Anadolu'da pek çok evde yaşanabilecek sıradan aile içi mesele gibi görünen bir konudan, baştan sona soluksuz izlenen bir film yaratmayı başarmış İranlı yönetmen Asghar Farhadi. Çünkü sınıf çatışması, dini baskılar, vicdan, söylenemeyenlerin ağırlığı gibi ülke farkı gözetmeksizin herkesi ilgilendirebilecek insani konuları müthiş oyunculuklar eşliğinde perdeye taşımış. Filmdeki karakterleri daha yakından tanıdıkça adalet duygusunun tek bir düzlemde olmadığını farkediyoruz. Nadir ve Simin'in hikayesinde kimse tam olarak haklı değil, ama kimse %100 suçlu da değil. Ve yönetmen kesinlikle taraf tutmuyor, seyircisine büyük bir alan açıp, düşünmemizi tartışmamızı istiyor.

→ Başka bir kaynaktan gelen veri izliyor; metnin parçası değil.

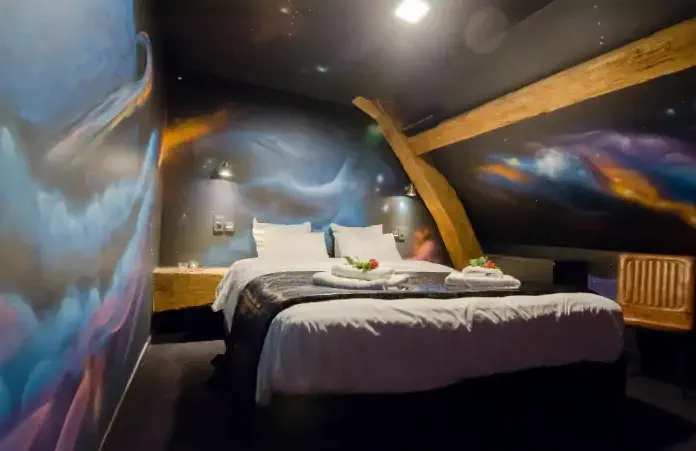 hotel insolite belgique - la chambre galaxie du River Lodge Hotel Insolite à Maredret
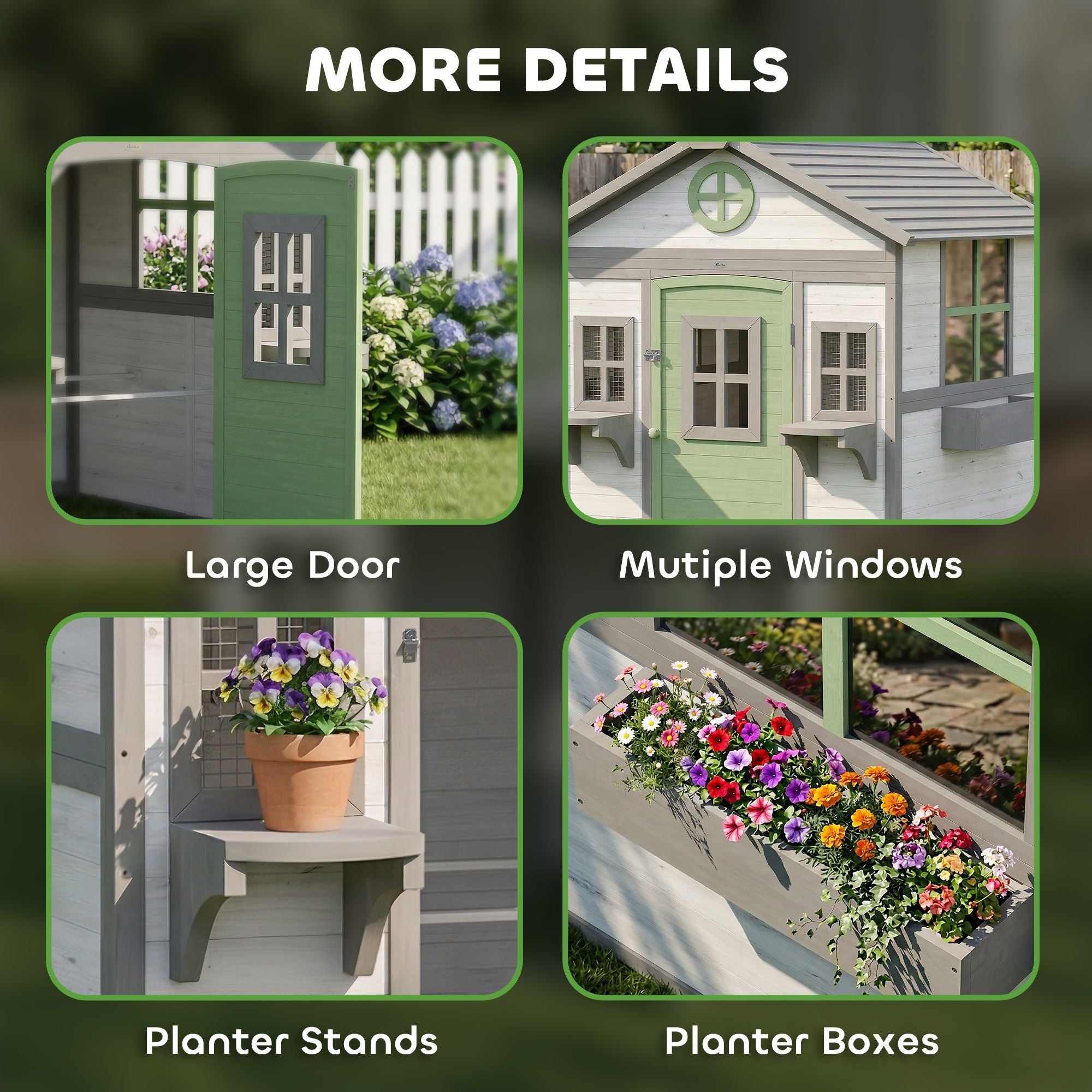 Chicken Coop, Wooden Hen House Outdoor Playhouse for 2 - 4 Chickens, Poultry Cage with Planter Pots and Boxes - Dog Time Outlet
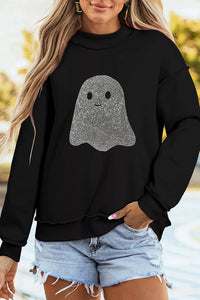 Rhinestone Ghost Exposed Seam Mock Neck Halloween Sweatshirt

Film günümüz İran'ı ile ilgili birçok önyargımızı sorgulamamızı da sağlıyor ve bize öcü gibi sunulan bir toplumun aslında ne kadar sempatik olabileceğini gösteriyor. Berlin Film Festivalinde hem en iyi film, hem en iyi erkek, hem de en iyi kadın oyuncu ödüllerini alarak bir ilki başaran, ödüller zincirine son olarak Altın Küre ve En İyi Yabancı Film Oscar'ını da ekleyen A Separation, aldığı tüm ödülleri sonuna kadar hak ediyor. Yılın henüz başı olmasına rağmen, en iyiler listeme kesin girecek bir başyapıt. (8,5)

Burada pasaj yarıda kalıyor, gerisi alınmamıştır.